*Task description:* Start at the line with "IA license plate AEW236" in the records below, stop at the line with "A letter wave logo template", and return every line in that span exactly, the two end lines included.

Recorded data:
================================
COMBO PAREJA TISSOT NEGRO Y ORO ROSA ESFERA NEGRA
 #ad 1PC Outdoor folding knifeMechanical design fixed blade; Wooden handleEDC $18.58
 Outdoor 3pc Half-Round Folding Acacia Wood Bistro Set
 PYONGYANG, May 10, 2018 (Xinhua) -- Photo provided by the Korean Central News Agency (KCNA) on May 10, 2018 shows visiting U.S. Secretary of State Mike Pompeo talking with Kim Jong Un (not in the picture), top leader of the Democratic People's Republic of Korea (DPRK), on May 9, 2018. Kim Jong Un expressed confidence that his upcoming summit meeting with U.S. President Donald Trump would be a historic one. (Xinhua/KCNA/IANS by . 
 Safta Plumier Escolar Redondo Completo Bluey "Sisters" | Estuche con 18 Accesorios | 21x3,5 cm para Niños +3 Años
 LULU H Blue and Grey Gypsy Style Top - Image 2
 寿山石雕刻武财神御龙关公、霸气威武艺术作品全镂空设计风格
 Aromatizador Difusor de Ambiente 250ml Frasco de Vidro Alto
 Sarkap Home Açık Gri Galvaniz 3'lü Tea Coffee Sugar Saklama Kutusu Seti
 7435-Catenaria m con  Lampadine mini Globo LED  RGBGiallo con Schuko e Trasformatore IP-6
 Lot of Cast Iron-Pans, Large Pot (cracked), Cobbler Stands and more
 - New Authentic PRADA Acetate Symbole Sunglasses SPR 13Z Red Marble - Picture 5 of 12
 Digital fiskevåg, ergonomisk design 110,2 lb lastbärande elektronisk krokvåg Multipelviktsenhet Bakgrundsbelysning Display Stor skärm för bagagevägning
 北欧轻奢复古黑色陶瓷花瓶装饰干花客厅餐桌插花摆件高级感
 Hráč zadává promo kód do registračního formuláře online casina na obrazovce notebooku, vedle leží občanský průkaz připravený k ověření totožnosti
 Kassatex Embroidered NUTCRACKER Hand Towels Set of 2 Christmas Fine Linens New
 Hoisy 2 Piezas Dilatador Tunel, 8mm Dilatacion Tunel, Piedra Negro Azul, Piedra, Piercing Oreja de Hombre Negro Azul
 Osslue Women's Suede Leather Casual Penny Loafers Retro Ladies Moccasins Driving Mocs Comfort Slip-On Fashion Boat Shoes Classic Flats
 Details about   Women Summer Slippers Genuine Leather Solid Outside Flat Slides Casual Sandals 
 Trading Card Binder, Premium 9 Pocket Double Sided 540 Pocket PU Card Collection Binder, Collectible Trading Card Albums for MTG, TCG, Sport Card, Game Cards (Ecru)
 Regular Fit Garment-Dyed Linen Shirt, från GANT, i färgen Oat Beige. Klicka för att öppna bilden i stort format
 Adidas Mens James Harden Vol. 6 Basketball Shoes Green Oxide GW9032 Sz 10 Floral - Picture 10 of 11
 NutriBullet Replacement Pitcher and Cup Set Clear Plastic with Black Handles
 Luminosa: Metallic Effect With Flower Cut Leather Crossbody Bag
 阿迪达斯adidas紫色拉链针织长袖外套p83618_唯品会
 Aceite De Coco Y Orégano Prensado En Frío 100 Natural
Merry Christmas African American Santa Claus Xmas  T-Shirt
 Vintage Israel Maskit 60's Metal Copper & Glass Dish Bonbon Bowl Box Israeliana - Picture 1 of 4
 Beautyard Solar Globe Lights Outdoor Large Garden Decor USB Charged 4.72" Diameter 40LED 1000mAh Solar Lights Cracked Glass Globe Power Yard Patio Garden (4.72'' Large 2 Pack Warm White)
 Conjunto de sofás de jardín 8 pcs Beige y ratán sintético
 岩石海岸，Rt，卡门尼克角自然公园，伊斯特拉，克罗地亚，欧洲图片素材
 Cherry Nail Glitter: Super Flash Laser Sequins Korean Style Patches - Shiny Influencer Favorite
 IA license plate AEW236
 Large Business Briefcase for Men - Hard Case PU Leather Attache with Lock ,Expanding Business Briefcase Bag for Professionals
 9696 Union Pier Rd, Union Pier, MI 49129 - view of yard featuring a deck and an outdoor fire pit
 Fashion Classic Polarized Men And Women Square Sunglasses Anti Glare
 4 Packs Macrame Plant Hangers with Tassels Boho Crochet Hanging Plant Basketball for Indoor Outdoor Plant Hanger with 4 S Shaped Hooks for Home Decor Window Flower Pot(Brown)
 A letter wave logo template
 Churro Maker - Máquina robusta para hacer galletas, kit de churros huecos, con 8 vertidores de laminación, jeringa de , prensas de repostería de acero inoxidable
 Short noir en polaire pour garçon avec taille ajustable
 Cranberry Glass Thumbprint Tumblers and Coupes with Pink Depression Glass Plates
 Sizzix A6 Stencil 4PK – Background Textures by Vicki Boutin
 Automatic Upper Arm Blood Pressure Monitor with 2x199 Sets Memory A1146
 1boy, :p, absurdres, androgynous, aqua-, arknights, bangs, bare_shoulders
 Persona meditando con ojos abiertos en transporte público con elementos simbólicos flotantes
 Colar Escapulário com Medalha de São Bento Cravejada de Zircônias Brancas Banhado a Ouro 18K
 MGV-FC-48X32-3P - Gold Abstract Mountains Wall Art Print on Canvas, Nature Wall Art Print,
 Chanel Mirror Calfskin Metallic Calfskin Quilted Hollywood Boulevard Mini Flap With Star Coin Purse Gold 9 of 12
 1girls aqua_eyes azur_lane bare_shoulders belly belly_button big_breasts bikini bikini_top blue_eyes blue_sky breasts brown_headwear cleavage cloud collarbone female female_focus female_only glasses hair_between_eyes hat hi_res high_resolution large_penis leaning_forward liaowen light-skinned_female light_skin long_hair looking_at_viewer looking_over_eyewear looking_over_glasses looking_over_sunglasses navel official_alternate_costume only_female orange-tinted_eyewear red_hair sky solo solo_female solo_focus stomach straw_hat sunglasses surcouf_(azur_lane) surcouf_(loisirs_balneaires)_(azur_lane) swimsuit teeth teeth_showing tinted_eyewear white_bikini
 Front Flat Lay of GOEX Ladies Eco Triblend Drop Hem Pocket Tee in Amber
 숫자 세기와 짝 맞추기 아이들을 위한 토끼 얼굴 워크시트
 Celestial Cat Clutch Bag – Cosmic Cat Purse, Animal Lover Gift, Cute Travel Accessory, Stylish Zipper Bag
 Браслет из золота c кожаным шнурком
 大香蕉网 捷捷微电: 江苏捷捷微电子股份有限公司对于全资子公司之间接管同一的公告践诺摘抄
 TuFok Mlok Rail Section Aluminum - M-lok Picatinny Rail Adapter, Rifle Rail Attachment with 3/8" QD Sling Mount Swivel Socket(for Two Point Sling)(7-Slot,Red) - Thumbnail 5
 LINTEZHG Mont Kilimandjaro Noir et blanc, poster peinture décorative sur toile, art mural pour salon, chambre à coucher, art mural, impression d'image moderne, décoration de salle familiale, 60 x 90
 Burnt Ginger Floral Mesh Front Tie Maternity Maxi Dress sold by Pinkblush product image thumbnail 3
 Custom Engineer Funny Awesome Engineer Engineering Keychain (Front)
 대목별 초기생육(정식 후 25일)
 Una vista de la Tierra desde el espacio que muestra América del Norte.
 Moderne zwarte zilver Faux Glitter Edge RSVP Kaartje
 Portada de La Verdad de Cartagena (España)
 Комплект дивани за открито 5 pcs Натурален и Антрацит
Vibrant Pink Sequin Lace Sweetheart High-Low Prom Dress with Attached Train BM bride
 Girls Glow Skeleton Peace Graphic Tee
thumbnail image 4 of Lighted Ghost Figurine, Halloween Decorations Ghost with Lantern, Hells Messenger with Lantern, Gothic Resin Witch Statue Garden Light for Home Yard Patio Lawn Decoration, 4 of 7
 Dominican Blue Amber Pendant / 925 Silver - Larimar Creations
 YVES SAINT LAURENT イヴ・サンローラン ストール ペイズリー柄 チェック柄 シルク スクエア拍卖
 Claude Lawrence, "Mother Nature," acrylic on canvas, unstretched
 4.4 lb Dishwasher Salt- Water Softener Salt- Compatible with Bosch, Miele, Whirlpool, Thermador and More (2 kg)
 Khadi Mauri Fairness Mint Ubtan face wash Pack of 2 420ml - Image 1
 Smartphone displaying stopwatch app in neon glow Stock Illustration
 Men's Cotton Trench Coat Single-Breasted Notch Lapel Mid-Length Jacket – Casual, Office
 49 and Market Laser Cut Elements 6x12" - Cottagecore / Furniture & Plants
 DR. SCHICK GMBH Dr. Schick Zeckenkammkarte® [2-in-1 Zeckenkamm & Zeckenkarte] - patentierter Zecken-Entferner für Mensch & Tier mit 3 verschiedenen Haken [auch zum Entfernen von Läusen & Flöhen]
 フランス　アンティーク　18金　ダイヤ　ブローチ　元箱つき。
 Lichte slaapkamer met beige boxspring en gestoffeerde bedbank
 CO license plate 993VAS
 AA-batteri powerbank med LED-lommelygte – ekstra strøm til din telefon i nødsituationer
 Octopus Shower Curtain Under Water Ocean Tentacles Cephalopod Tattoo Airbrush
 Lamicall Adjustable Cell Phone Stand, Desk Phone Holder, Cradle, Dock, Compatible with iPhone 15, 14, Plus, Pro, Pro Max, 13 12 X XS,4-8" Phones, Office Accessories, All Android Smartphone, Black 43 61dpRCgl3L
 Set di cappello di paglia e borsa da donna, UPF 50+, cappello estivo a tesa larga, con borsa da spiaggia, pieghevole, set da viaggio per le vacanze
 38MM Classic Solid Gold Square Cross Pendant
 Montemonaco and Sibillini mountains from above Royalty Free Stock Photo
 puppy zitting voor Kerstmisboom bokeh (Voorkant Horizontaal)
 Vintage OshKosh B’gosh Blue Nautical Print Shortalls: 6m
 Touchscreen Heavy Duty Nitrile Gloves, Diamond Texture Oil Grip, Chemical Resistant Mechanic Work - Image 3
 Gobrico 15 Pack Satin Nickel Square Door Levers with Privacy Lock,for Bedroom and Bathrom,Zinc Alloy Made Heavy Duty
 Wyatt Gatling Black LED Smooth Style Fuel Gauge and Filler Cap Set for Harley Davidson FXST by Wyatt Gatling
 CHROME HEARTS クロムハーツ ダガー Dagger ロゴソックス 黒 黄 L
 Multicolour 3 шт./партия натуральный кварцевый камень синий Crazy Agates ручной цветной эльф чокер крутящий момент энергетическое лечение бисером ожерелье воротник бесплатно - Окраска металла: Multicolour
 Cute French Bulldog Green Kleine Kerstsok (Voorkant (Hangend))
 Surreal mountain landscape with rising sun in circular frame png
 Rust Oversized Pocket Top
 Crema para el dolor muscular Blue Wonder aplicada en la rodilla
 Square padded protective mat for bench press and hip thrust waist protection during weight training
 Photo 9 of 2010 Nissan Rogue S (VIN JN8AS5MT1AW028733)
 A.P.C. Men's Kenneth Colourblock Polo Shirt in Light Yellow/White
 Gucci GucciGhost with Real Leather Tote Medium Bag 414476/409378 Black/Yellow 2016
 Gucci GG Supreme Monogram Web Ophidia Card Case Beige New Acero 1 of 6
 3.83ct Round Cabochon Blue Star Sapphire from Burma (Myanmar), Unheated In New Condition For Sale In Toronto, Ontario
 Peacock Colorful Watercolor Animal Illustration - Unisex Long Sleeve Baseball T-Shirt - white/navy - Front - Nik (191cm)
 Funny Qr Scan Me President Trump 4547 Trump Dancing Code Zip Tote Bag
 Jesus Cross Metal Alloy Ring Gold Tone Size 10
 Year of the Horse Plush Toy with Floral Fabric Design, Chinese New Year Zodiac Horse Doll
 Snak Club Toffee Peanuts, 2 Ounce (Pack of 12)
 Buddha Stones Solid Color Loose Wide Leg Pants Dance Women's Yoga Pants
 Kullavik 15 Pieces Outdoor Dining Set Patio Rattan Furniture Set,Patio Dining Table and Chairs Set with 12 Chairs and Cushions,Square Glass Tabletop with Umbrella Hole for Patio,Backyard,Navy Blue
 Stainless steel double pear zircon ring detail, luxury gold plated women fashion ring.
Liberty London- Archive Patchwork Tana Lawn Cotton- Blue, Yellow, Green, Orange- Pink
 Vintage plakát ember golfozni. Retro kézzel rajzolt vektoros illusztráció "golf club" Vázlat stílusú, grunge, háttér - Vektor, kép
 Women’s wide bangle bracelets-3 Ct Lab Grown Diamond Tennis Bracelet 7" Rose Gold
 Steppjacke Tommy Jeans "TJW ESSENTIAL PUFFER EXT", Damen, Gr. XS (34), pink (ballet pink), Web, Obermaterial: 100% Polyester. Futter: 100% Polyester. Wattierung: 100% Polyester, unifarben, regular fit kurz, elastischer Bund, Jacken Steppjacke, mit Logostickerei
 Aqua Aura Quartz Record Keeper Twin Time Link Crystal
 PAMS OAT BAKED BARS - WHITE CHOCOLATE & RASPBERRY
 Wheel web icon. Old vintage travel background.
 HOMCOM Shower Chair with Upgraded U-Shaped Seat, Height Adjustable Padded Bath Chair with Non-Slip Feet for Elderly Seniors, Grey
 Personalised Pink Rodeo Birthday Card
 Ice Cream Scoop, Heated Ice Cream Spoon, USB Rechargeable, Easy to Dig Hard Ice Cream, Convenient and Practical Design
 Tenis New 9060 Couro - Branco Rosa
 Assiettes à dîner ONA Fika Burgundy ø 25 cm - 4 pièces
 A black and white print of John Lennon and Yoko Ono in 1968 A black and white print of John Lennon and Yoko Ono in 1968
================================
*Task result:*
 IA license plate AEW236
 Large Business Briefcase for Men - Hard Case PU Leather Attache with Lock ,Expanding Business Briefcase Bag for Professionals
 9696 Union Pier Rd, Union Pier, MI 49129 - view of yard featuring a deck and an outdoor fire pit
 Fashion Classic Polarized Men And Women Square Sunglasses Anti Glare
 4 Packs Macrame Plant Hangers with Tassels Boho Crochet Hanging Plant Basketball for Indoor Outdoor Plant Hanger with 4 S Shaped Hooks for Home Decor Window Flower Pot(Brown)
 A letter wave logo template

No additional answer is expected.